“İşçi arkadaşlarımız ölüme mahkûm ediliyor!”

Bolu Kartalkaya’da yaşanan katliamda ölenlerin dördü otelde çalışan işçilerdi. Bu yanıyla aynı zamanda bir iş cinayeti anlamına gelen Kartalkaya katliamının ardından turizm işçilerinin yaşadığı sorunları DİSK Dev Turizm-İş Marmara bölge başkanı Gökhan Aslan’la konuştuk…

Bolu Kartalkaya’da yaşanan katliamda 79 kişi yaşamını yitirdi. Bunlar arasında 4 turizm işçisi de bulunuyordu. Bu katliamla birlikte birçok konu yeniden tartışılıyor. Bunlar arasında turizm işçilerinin sorunları da var.

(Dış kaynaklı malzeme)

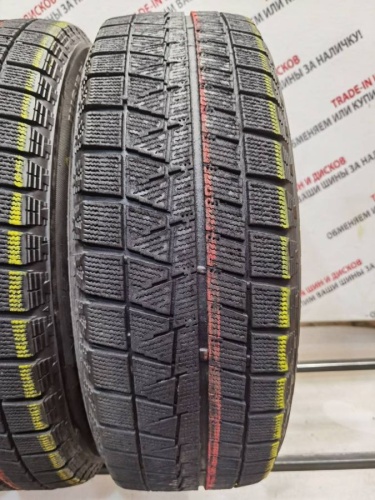 Bridgestone Blizzak Revo GZ R16 215/65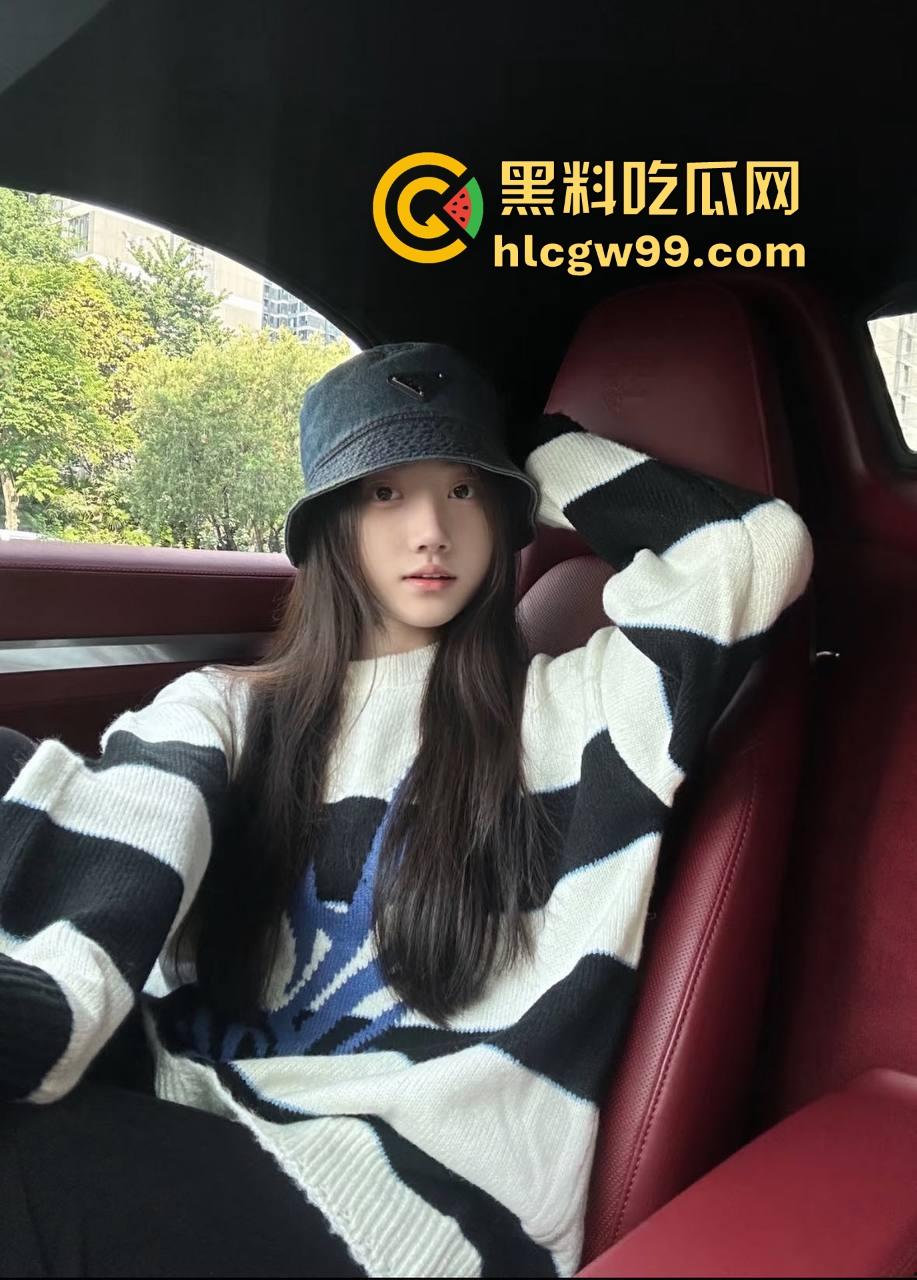 天津绿帽老公酒店开房安排单男爆操老婆，自己缩在厕所撸到腿软，透过玻璃看现场春宫秀！-4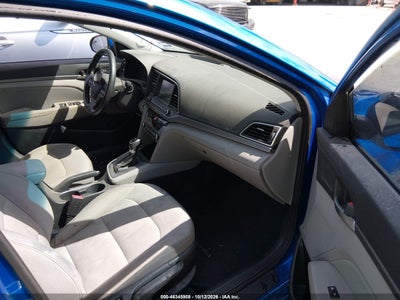2017 HYUNDAI ELANTRA 5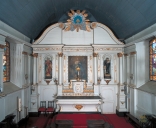 Ensemble du maître-autel : autel, tabernacle, retable, 2 gradins d'autel, 3 degrés d'autel (Lanhélin fusionnée en Mesnil-Roc'h en 2019)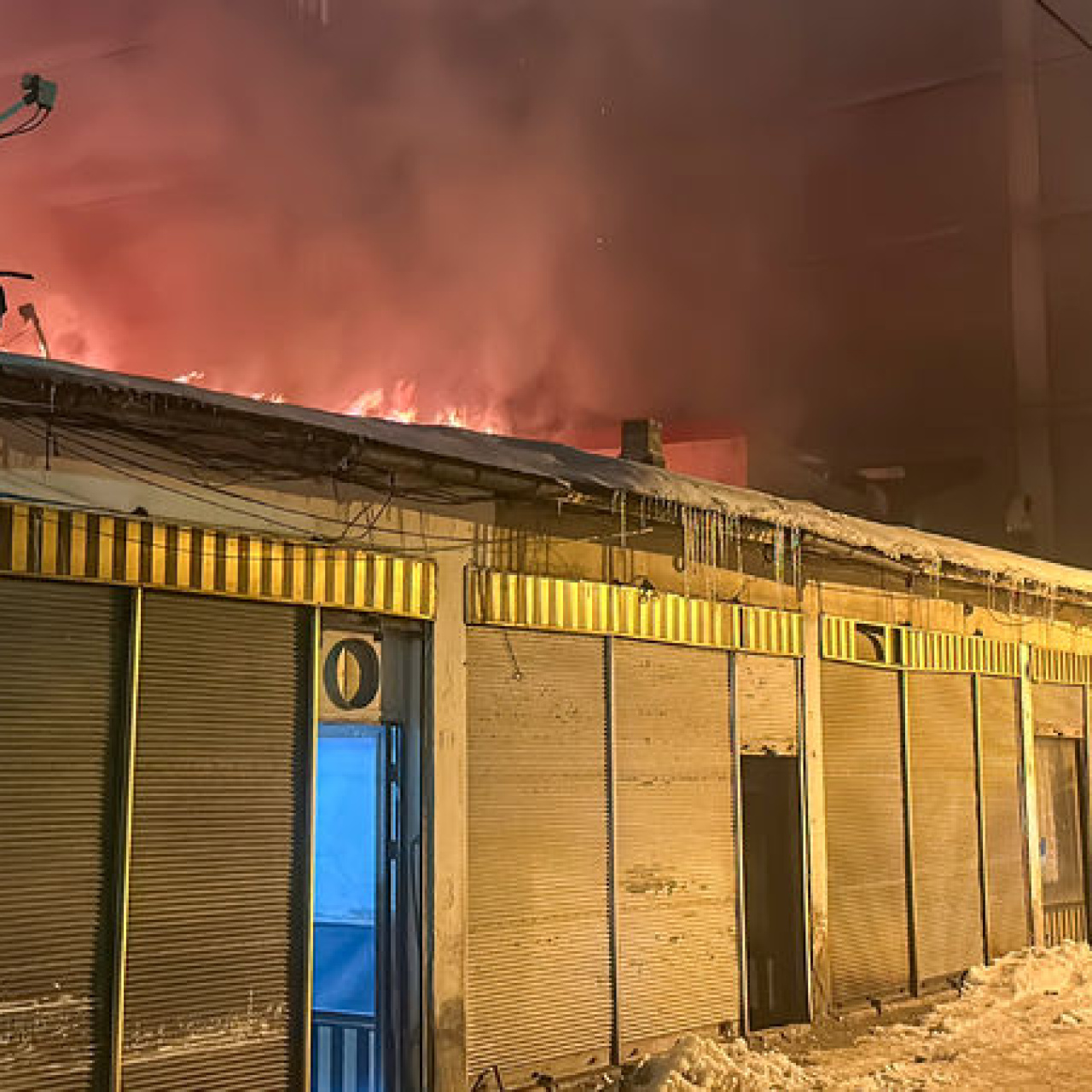 Van'da korkutan yangın: 5 iş yeri yandı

Bu kapsamda neler söylemek istersiniz?

Merhabalar, öncelikle Emeğin Kurtuluşu Gazetesi emekçilerine sevgiler, kolaylıklar diliyoruz. 4’ü turizm işçisi olan 79 insanımızın hayatını kaybettiği Bolu Kartalkaya katliamıyla birlikte iş kolumuzda yaşanan sorunlar dikkat çeker hale gelmiş oldu. Ancak şunu söyleyebilirim, Bolu ile birlikte tartışılıyor olsa da iş kolumuzda benzeri katliamlar daha önce de yaşandı. Yakın zamandan örnek vermek gerekirse Beşiktaş’ta bir kulüp tadilatında yaşanan yangında 29 işçi arkadaşımız hayatını kaybetmişti. Yine geçtiğimiz yıllarda Aydın’da bir mutfak tüpünün patlamasıyla restoranda gerçekleşen patlamada 7 işçi arkadaşımız hayatını kaybetti. Benzer bir nedenle İzmir’de bir restoranda yaşanan patlamada 5 işçi arkadaşımız yaşamını yitirdi. Aslında sektörde benzer katliamlarla işçi arkadaşlarımız karşılaşıyor. Sadece Bolu’yla daha fazla dikkat çeker hale geldi. Bu katliamların ana noktası patronların daha fazla kâr elde etme hırsı. Çünkü sözü edilen katliamların önlenebilir olduğunu hepimiz biliyoruz. Alınması gereken önlemler, maliyeti artıran kalemler olduğu için işçi arkadaşlarımız göz göre göre ölüme mahkûm ediliyor. Bu açıdan iş kolumuzda gerçekten iş cinayetlerinin yaşandığını ifade edebilirim.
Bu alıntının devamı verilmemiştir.